Excerpts from a dataset:
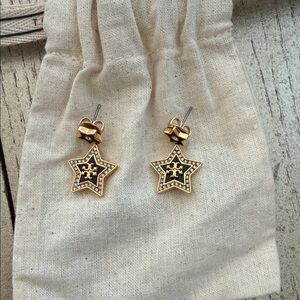 Tory Burch Gold and Black Star Earrings
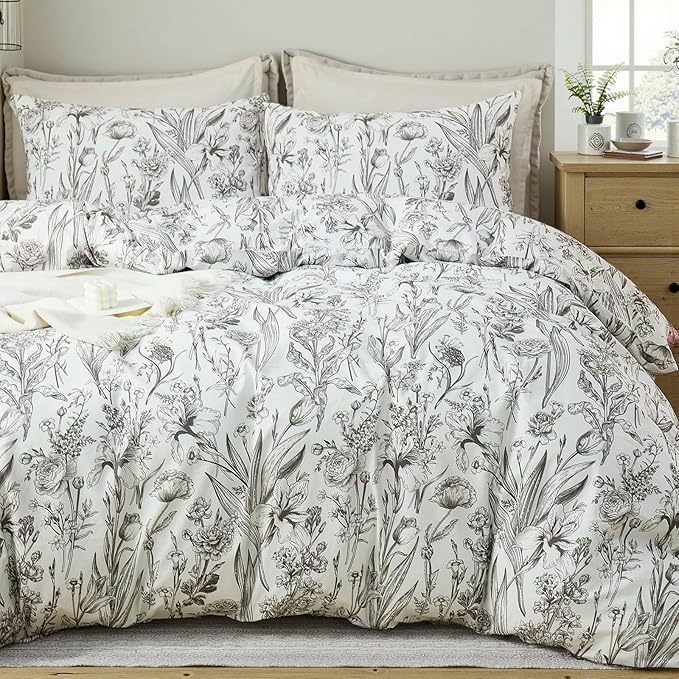 100% Cotton Duvet Cover King Size – Vintage Botanical Sketch Elegant Taupe Floral Duvet Cover Set with Zipper Closure, 3-Piece Soft Breathable Natural Premium Cotton Bedding Set
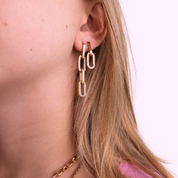 Glam Link Earrings - Gold
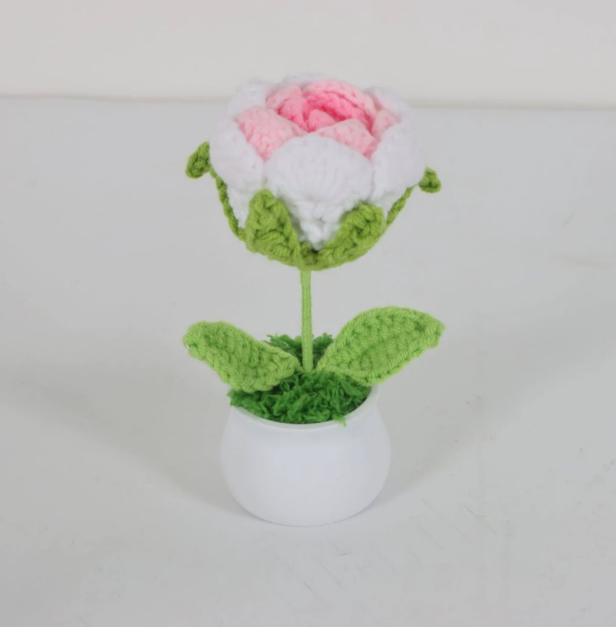 Personalized Crochet Flower in Pot Handmade Gift for Her Personalized Gift for Teacher Home Decoration Desk Decoration Crochet Rose in Pot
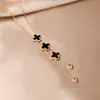 Colar com Pingente Longo de Franjas em Aço Inoxidável Venda Quente Transfronteiriça Corrente de Clavícula Dupla Camada Ouro 18K Luxo Acessível Joias de Alta Qualidade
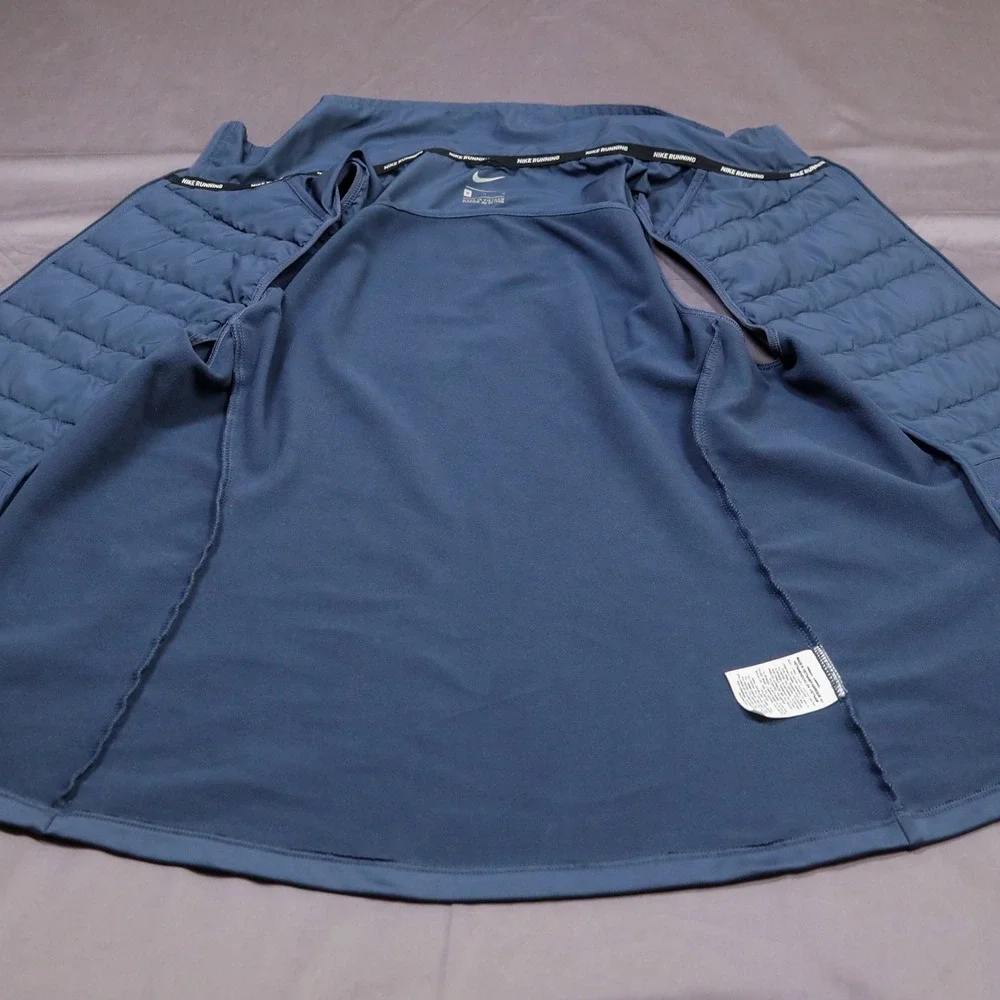 Nike Running Vest Womens Medium Navy Blue Quilted Puffer Full Zip 856222-471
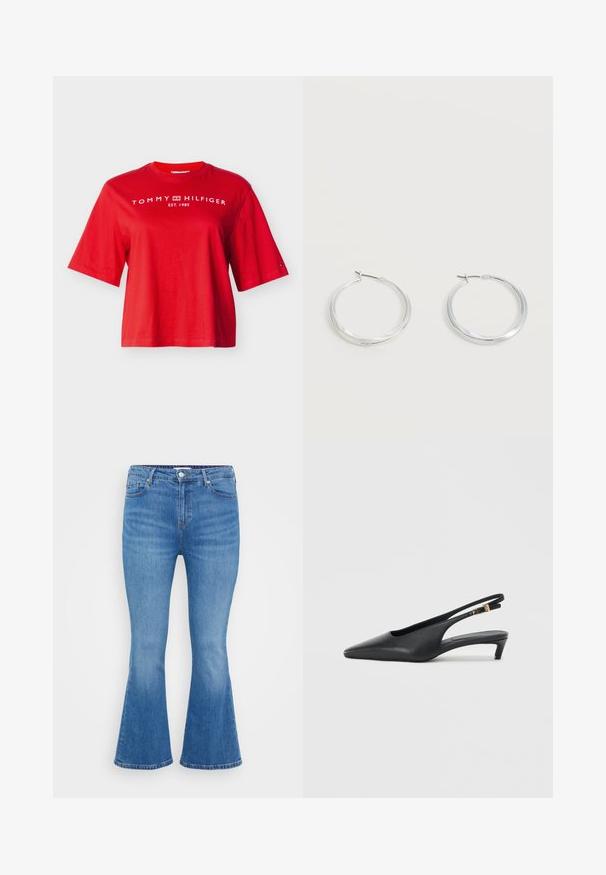 Κόκκινο κοντομάνικο T-shirt Tommy Hilfiger με λευκό κείμενο λογότυπου και έμβλημα στο στήθος και μικρό λογότυπο σημαίας στο αριστερό μανίκι.; Απαλά μπλε τζιν φλαρέ παντελόνια με ψηλή μέση, πέντε τσέπες και κλασικό κούμπωμα με κουμπί. Λείο ύφασμα με διακριτική φθορά.; Μαύρες γόβες slingback με μυτερή μύτη, λεία υφή δέρματος, χαμηλό τακούνι και λουράκι με μεταλλική αγκράφα.; Ασημένια μεταλλικά σκουλαρίκια κρίκοι με λεία, ελαφρώς κυρτή επιφάνεια και κλειδαριά τύπου latch-back σε απλό λευκό φόντο.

=== EXERCISE INSTRUCTIONS ===
Write out, word for word, only the lines from the one containing "Colar com Pingente" to the end of the data above; the pictures stay out.

=== ANSWER SECTION ===
 Colar com Pingente Longo de Franjas em Aço Inoxidável Venda Quente Transfronteiriça Corrente de Clavícula Dupla Camada Ouro 18K Luxo Acessível Joias de Alta Qualidade
 Nike Running Vest Womens Medium Navy Blue Quilted Puffer Full Zip 856222-471
 Κόκκινο κοντομάνικο T-shirt Tommy Hilfiger με λευκό κείμενο λογότυπου και έμβλημα στο στήθος και μικρό λογότυπο σημαίας στο αριστερό μανίκι.; Απαλά μπλε τζιν φλαρέ παντελόνια με ψηλή μέση, πέντε τσέπες και κλασικό κούμπωμα με κουμπί. Λείο ύφασμα με διακριτική φθορά.; Μαύρες γόβες slingback με μυτερή μύτη, λεία υφή δέρματος, χαμηλό τακούνι και λουράκι με μεταλλική αγκράφα.; Ασημένια μεταλλικά σκουλαρίκια κρίκοι με λεία, ελαφρώς κυρτή επιφάνεια και κλειδαριά τύπου latch-back σε απλό λευκό φόντο.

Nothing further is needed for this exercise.